> [Task item]
Copy nothing from the entries below except the lines from the one containing "Camisa de mujer manga larga cuello camisero" through the one containing "ヴィンテージ70歳の誕生日パーティーへの招待 招待状 (正面/裏面)", and copy those exactly.

+ + + + +

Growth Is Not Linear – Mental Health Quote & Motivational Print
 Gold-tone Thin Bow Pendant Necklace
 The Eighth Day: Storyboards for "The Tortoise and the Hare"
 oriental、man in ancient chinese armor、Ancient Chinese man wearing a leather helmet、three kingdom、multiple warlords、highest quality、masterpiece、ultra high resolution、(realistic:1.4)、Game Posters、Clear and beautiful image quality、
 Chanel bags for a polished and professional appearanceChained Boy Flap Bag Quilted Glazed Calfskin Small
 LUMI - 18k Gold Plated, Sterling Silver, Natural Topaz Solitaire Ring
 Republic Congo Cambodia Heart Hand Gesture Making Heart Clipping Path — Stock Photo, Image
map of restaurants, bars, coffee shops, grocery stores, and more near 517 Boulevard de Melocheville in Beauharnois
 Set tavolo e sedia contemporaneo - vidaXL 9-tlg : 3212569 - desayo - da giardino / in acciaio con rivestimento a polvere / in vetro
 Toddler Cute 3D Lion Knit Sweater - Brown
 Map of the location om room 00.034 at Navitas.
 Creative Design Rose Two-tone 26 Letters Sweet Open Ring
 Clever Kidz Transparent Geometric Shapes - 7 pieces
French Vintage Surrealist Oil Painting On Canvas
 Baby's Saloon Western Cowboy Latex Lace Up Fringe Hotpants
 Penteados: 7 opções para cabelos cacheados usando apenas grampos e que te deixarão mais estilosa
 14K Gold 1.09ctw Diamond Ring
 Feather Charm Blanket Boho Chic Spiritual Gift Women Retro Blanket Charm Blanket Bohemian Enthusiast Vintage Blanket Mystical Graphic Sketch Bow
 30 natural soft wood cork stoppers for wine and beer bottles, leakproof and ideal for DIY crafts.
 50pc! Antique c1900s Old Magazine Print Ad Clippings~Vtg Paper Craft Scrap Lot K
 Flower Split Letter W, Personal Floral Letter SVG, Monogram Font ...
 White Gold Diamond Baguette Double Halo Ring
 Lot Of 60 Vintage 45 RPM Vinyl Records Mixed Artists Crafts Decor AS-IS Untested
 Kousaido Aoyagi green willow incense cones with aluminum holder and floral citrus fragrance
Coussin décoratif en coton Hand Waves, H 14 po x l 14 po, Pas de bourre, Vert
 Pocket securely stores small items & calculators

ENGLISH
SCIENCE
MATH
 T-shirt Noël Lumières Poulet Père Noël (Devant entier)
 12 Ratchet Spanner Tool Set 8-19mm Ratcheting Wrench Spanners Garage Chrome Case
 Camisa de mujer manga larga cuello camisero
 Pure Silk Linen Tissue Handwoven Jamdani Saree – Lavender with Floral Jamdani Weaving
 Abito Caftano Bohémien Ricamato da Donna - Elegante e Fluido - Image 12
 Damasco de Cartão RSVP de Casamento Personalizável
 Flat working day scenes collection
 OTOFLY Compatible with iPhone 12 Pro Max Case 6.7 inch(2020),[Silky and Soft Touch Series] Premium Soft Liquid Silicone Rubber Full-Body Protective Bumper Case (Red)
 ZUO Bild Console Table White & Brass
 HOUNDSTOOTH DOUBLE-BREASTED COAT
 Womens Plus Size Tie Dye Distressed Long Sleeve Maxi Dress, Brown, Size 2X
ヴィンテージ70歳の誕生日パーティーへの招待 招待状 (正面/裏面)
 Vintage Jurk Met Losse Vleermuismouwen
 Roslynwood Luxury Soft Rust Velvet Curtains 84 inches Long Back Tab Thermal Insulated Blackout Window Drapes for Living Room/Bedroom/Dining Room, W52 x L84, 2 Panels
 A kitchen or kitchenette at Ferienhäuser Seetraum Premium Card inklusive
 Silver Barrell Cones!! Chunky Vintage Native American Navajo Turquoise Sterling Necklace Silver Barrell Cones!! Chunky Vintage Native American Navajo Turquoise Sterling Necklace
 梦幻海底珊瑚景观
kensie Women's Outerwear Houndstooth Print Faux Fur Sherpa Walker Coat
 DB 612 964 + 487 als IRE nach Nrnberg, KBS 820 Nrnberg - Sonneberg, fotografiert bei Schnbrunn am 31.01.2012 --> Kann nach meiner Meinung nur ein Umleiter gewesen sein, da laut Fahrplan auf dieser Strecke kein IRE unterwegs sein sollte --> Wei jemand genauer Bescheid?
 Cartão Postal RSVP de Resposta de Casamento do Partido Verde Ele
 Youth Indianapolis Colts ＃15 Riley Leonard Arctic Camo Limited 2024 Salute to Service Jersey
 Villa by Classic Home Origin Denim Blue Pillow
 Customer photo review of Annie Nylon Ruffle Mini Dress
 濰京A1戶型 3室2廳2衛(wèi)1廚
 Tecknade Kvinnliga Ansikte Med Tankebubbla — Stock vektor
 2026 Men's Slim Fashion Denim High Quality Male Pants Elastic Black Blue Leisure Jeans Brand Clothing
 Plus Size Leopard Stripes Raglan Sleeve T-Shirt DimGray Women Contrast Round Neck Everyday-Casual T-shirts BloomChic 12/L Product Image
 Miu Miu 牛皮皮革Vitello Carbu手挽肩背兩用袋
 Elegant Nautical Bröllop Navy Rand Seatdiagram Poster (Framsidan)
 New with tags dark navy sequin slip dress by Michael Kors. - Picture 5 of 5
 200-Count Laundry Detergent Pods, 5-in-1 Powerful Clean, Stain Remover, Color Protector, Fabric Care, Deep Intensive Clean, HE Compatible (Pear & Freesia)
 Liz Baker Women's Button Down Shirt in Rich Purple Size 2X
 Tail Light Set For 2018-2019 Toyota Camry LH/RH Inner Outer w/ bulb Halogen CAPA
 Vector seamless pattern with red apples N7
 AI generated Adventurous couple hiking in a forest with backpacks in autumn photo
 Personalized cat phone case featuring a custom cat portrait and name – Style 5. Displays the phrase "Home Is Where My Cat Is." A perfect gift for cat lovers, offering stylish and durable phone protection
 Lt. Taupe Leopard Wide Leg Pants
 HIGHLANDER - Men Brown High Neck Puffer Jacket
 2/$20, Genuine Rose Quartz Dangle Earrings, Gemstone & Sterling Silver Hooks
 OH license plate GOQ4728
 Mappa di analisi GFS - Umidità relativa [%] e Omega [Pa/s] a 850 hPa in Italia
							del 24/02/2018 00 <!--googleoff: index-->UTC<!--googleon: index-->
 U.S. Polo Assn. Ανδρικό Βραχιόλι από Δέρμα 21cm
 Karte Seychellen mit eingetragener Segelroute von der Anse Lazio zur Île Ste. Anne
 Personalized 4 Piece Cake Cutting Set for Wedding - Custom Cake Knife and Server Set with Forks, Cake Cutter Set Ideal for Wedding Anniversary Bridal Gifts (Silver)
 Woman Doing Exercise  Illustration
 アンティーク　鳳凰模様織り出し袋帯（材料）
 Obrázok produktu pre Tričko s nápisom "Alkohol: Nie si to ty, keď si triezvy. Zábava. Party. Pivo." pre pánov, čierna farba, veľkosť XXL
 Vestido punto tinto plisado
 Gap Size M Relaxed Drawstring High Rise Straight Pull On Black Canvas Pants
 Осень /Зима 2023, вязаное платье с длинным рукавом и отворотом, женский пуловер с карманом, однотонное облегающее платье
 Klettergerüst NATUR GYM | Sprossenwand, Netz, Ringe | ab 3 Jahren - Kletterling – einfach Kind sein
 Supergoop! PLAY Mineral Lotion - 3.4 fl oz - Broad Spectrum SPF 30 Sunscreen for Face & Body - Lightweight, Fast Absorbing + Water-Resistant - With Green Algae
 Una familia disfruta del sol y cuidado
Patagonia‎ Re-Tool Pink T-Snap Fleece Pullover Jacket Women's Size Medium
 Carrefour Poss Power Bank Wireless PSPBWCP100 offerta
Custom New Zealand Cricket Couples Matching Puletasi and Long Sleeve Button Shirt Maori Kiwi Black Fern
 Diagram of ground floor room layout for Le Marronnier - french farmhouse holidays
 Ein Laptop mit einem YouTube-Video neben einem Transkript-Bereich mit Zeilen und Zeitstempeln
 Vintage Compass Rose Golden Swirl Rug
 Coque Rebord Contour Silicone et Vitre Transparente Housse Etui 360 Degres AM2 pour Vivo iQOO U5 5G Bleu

+ + + + +

> [Answer to this problem]
 Camisa de mujer manga larga cuello camisero
 Pure Silk Linen Tissue Handwoven Jamdani Saree – Lavender with Floral Jamdani Weaving
 Abito Caftano Bohémien Ricamato da Donna - Elegante e Fluido - Image 12
 Damasco de Cartão RSVP de Casamento Personalizável
 Flat working day scenes collection
 OTOFLY Compatible with iPhone 12 Pro Max Case 6.7 inch(2020),[Silky and Soft Touch Series] Premium Soft Liquid Silicone Rubber Full-Body Protective Bumper Case (Red)
 ZUO Bild Console Table White & Brass
 HOUNDSTOOTH DOUBLE-BREASTED COAT
 Womens Plus Size Tie Dye Distressed Long Sleeve Maxi Dress, Brown, Size 2X
ヴィンテージ70歳の誕生日パーティーへの招待 招待状 (正面/裏面)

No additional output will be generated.